A proposed 124-unit apartment complex is moving forward within the city development process.

Rockcress Commons, a NeighborWorks Great Falls project, has also been going through the county process since the property is currently in the county and the parcels were being divided so that only the parcels needed for this project would be annexed.

The proposed complex is located on the southern end of the city at the dead-end of 23rd Street South and along the northern side of 24th Avenue South.

NWGF is, however, considering purchasing and developing adjacent parcels in the future.

Cascade County Commissioners approved the subdivision on Oct. 10.

124-apartment complex makes another step toward construction

On Tuesday, the city Planning Advisory Board/Zoning Commission voted to recommend that the City Commission approve the annexation, zoning and preliminary plat for the project.

The complex is workforce housing and will have 1, 2 and 3 bedroom units.

The project began development last year and was one of five projects selected out of 19 applications from the Montana Board of Housing. It will be the first in Montana to use a unique blend of 9 percent and 4 percent tax credits, said Neil Fortier, NWGF director of real estate development.

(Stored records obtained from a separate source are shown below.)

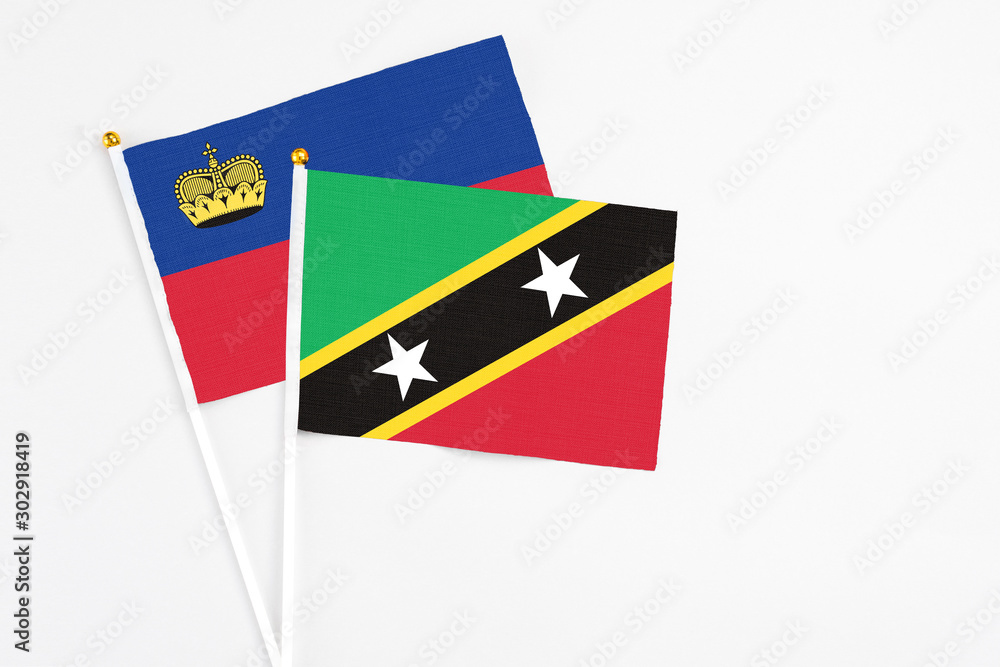 Obraz premium Saint Kitts And Nevis and Liechtenstein stick flags on white background. High quality fabric, miniature national flag. Peaceful global concept.White floor for copy space.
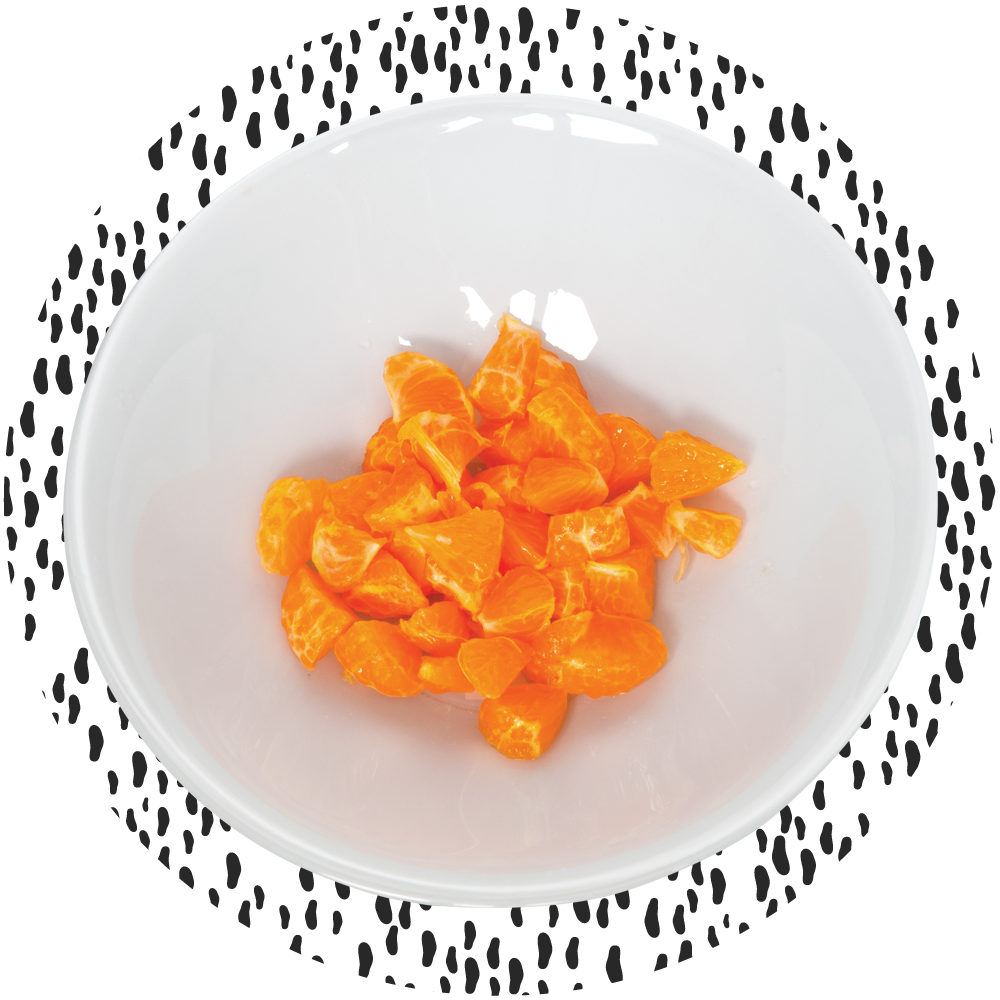 Orange slices in a white bowl.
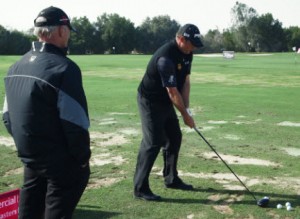Peter Cowan looks to get Lee Westwood sorted out after the World No. 1's first round 73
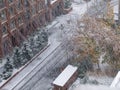 Aerial view of empty road, trees and buildings covered in snow during winter season and first snowfall in city Royalty Free Stock Photo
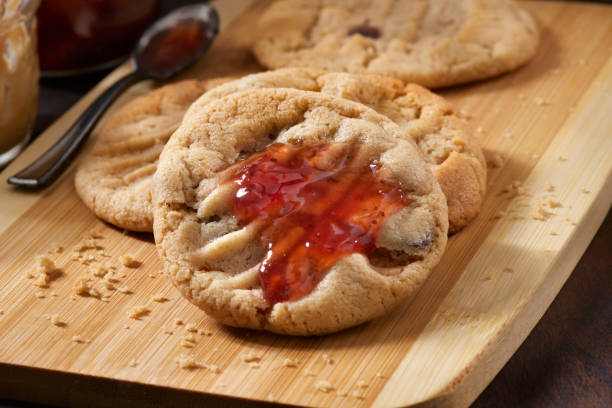 A oversized peanut butter cookie stacked on top of a baking sheet on top of more cookies.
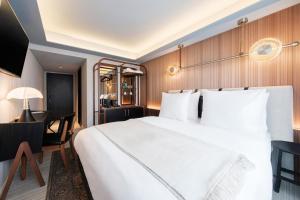 a bedroom with a large white bed and a desk at Muze Hotel in Düsseldorf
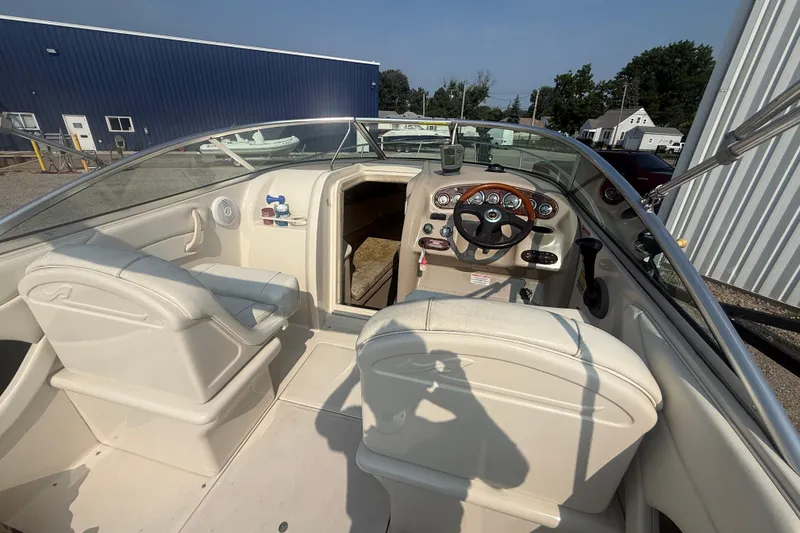 Slide: The Image of 2003 Sea Ray 225 Weekender boat interior with steering wheel and seating. - 14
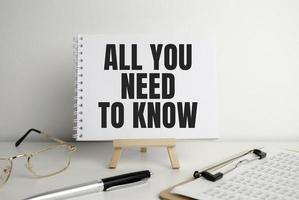 All you need to know, text on white paper on the light background with charts paper photo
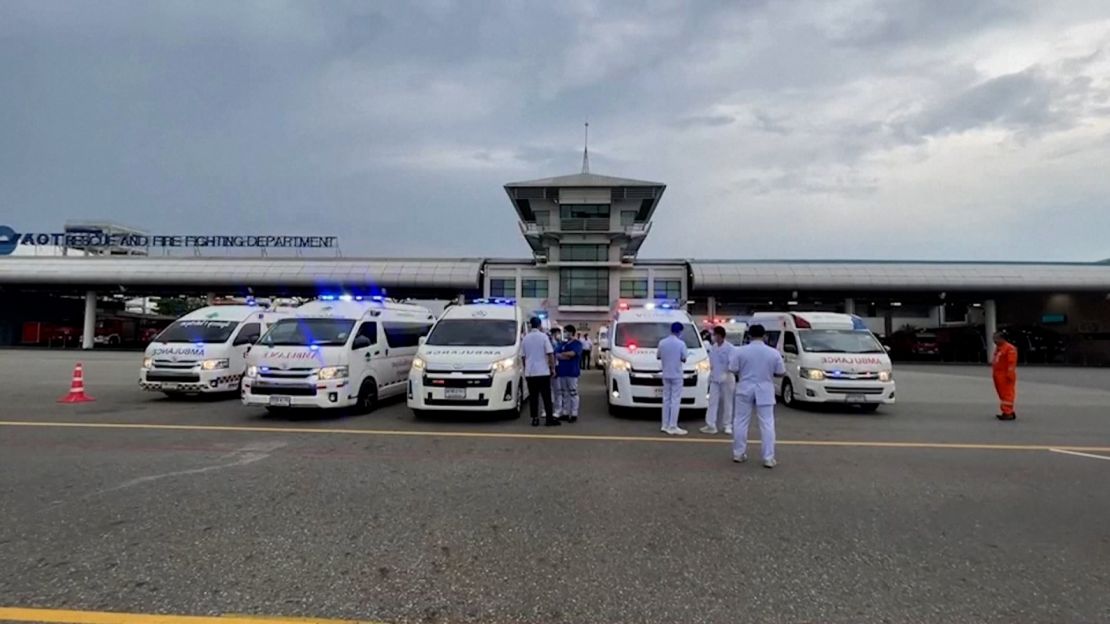 Emergency personnel are seen at a Bangkok airport following a Singapore Airlines plane making an emergency landing due to turbulence.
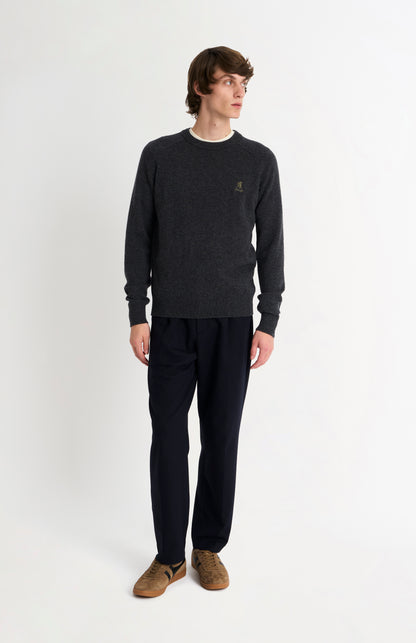 Pringle of Scotland Men’s Lambswool Crew Neck Jumper In Charcoal on model full length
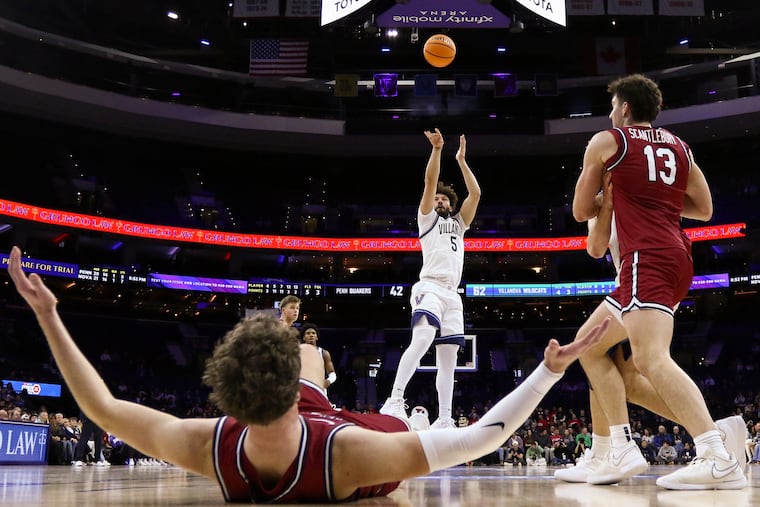 Villanova guard Devin Askew (5) shoots a three-point basket as Penn forward TJ Power (12) reacts during the second half of the Big 5 Classic championship at Xfinity Mobile Arena on Saturday.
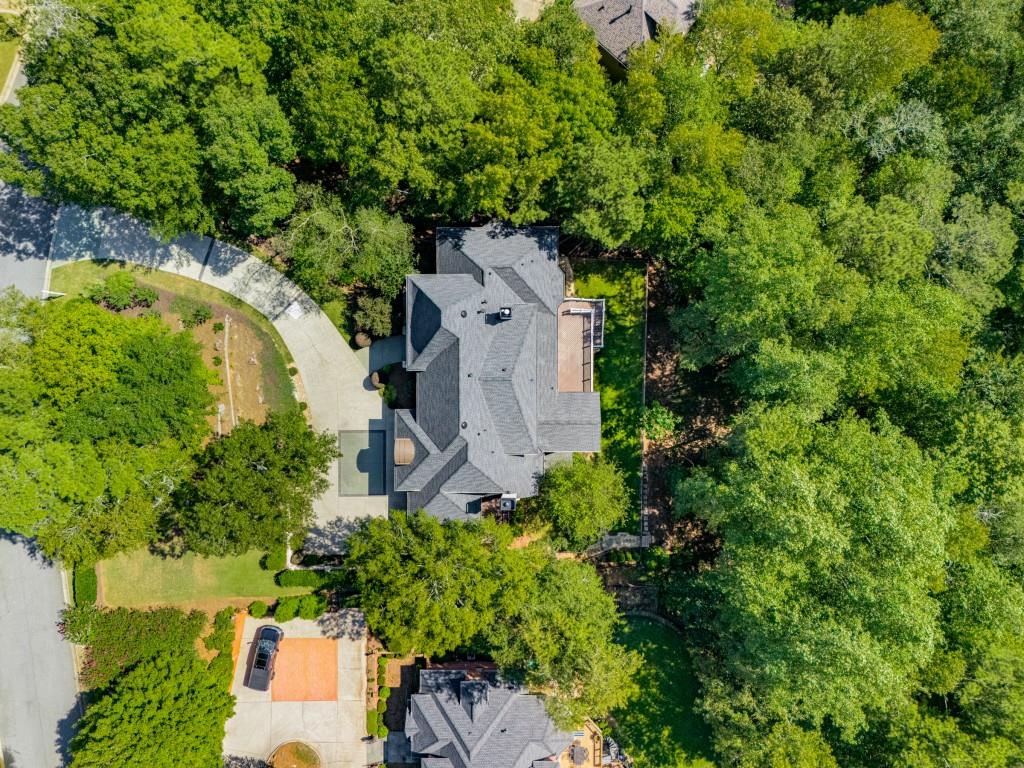 8345 Jett Ferry Road Sandy Springs, GA 30350 - Photo 58 of 61 an aerial view of a house with a yard and trees all around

Rentals will have income restrictions and families and individuals below 60 percent of area median income would be eligible for what’s considered workforce housing.

The 10-acre complex will have apartments with these approximate rental rates:

  • One bedroom: $381-$607
  • Two bedroom: $593-$729
  • Three bedroom: $834

The development will include extending 23rd Street South to 24th Avenue South and 23rd Avenue South will be extended as well as 22nd Street South.

The adjacent property is available for development and whoever purchases it will continue 23rd Street South and 21st Street South.

Because of the project’s location, there are some concerns with storm water and city staff said NWGF will be required to use higher engineering standards to disperse the water. Dave Dobbs, city engineer, said his team is working closely with the developer’s team, including those at TD&H, to find creative solutions to the issue.

City staff also has some concerns with connectivity since the Great Falls Transit District does not currently provide service to that area of town and it’s outside the transit district boundary. But the developer is putting in a bus shelter, or at least the concrete pad for a future shelter, on the site in anticipation of bus service in the area as growth continues.

Great Falls Fire Rescue expressed some concern that they wouldn’t be able to reach the proposed apartment complex within their goal of 4-minute response times.

The PAB voted to approve a Planned Unit Development zoning for the project since there are some differences in the project due to requirements of the tax credits. The project also requires a separate annexation agreements for each of the types of tax credits.

Staff and the developer are still working through plans for utilities and other details, but they will be spelled out in the annexation agreements that would go before the City Commission.

If the commission approved the annexation, zoning and preliminary plat, the project will go back to PAB for a final plat approval and before construction can start, it will be reviewed by the city’s Design Review Board.

The PAB voted 8-0 for annexation, zoning and the preliminary plat.